Let $x=f(t)$ and $y=g(t)$, where $f$ and $g$ are differentiable on an interval $[a,b]$. Then the slope of the line tangent to the curve at the point corresponding to $p\in [a,b]$ is $$\frac{dy}{dx}=\frac{dy/dt}{dx/dt}$$ at $p$, provided $f'(p)\neq 0$.
I was wondering if we also need $f'$ and $g'$ are continuous at $p$.
We shouldn't need any additional requirements, and that should be clear if we go through the reasoning behind this formula.

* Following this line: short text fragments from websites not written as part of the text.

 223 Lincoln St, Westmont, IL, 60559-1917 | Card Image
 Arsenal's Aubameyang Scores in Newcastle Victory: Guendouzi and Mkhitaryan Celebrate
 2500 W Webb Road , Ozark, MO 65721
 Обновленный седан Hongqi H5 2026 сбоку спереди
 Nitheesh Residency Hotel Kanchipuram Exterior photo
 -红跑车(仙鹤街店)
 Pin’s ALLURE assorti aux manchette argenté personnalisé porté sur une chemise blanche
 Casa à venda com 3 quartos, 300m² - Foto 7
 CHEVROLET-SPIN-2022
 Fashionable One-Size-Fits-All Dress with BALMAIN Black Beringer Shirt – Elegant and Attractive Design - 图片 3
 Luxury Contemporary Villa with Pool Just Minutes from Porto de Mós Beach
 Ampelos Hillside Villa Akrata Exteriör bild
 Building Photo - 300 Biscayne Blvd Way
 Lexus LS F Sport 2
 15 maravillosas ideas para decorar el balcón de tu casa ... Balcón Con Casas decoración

Suppose we have our curve parametrized by $\vec{r}(t) = f(t) \hat{e}_x + g(t)\hat{e}_y,$ where $f(t)$ and $g(t)$ are differentiable at $t_0.$
By the definition of a derivative,
$$\vec{r}'(t_0) = \lim_{t \to t_0} \frac{\vec{r}(t) - \vec{r}(t_0)}{t - t_0} = \lim_{t \to t_0} \frac{[f(t) \hat{e}_x + g(t)\hat{e}_y] - [f(t_0) \hat{e}_x + g(t_0)\hat{e}_y]}{t - t_0}$$
Now using the linearity of limits, we have
$$\vec{r}'(t_0) = \hat{e}_x \lim_{t \to t_0} \frac{f(t) - f(t_0)}{t - t_0} + \hat{e}_y \lim{t \to t_0} \frac{g(t) - g(t_0)}{t - t_0} = f'(t_0)\hat{e}_x + g'(t_0)\hat{e}_y$$
This vector points along the tangent to our graph, so if defined, the slope of the tangent line at $(f(t_0), g(t_0))$ must be $\frac{g'(t_0)}{f'(t_0)}.$ We are able to show this without the derivatives being continuous.